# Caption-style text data
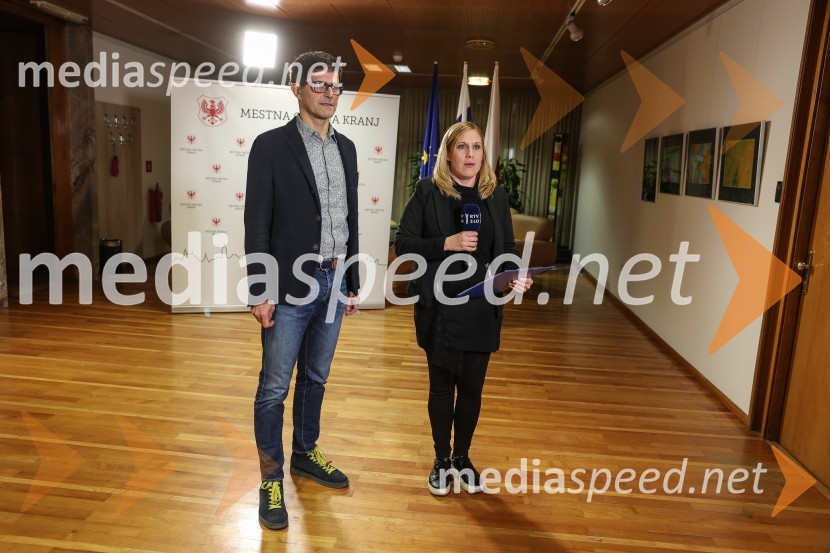  Matjaž Rakovec, župan Mestne občine Kranj;  ... V Kranju se bosta v drugem krogu pomerila Matjaž Rakovec in Ivo Bajec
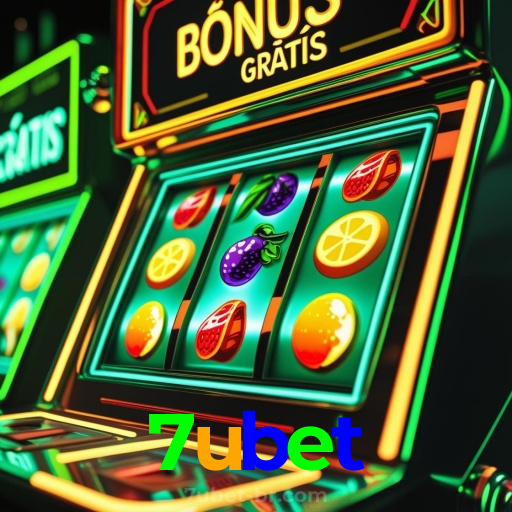 7ubet：Aposte nas melhores máquinas caça-níqueis e leve o jackpot!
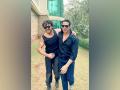 WATCH: Akshay Kumar, Tiger Shroff dance to 'Main Khiladi' from 'Selfiee' - Hindi News | WATCH: Akshay Kumar, Tiger Shroff dance to 'Main Khiladi' from 'Selfiee' | Latest entertainment News at Lokmattimes.com
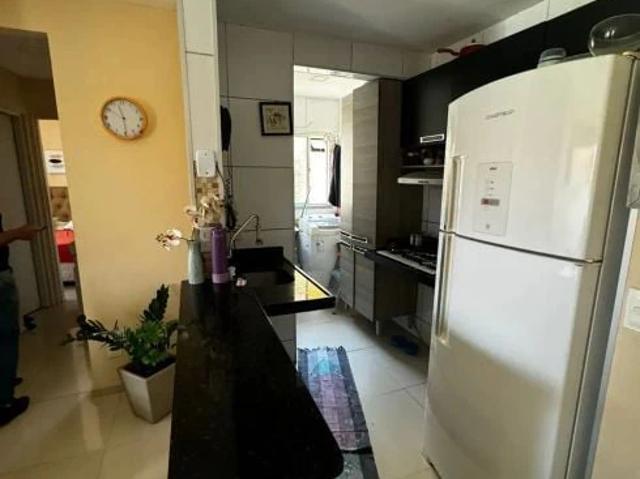 Apartamento para Venda em Eusébio/CE Mangabeira 3 Quartos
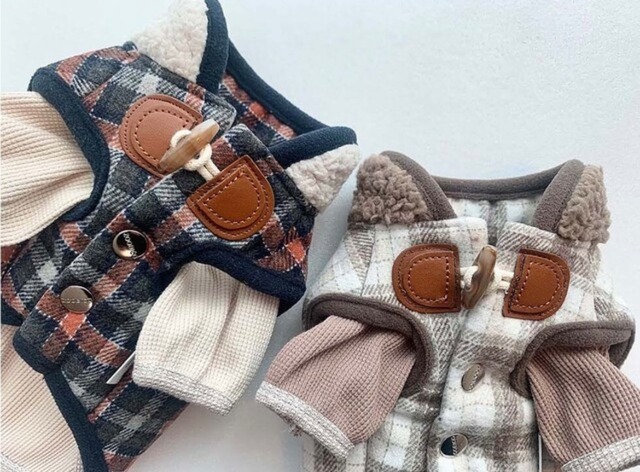 《予約》Z0122 Rovan Check jacket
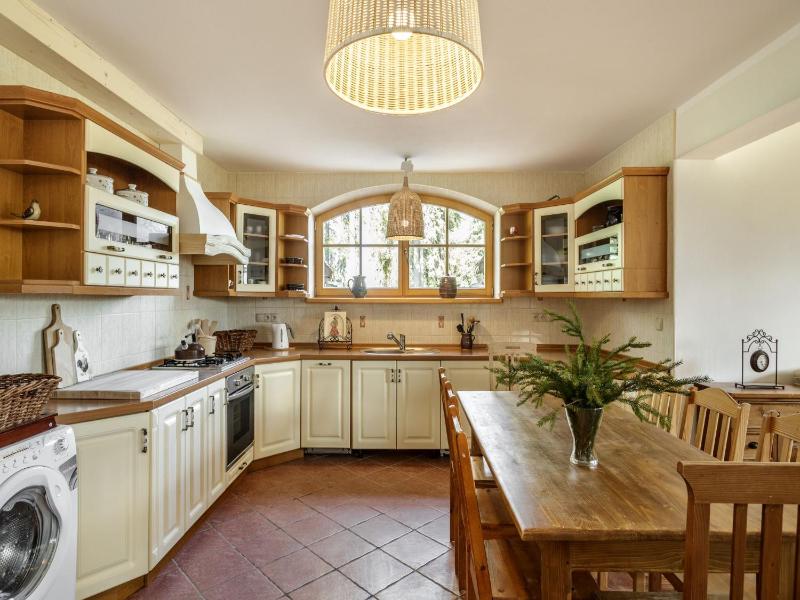 Rezydencja Gubałówka sauna widok - image 25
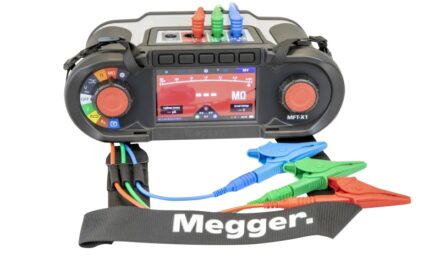 Megger dévoile une nouvelle génération de testeurs électriques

# WORK TO BE COMPLETED
Where the line containing "Rovan Check jacket" appears above, start there and set down each line exactly through the last line of the data; leave out every picture.

# WRITTEN REPLY
 《予約》Z0122 Rovan Check jacket
 Rezydencja Gubałówka sauna widok - image 25
 Megger dévoile une nouvelle génération de testeurs électriques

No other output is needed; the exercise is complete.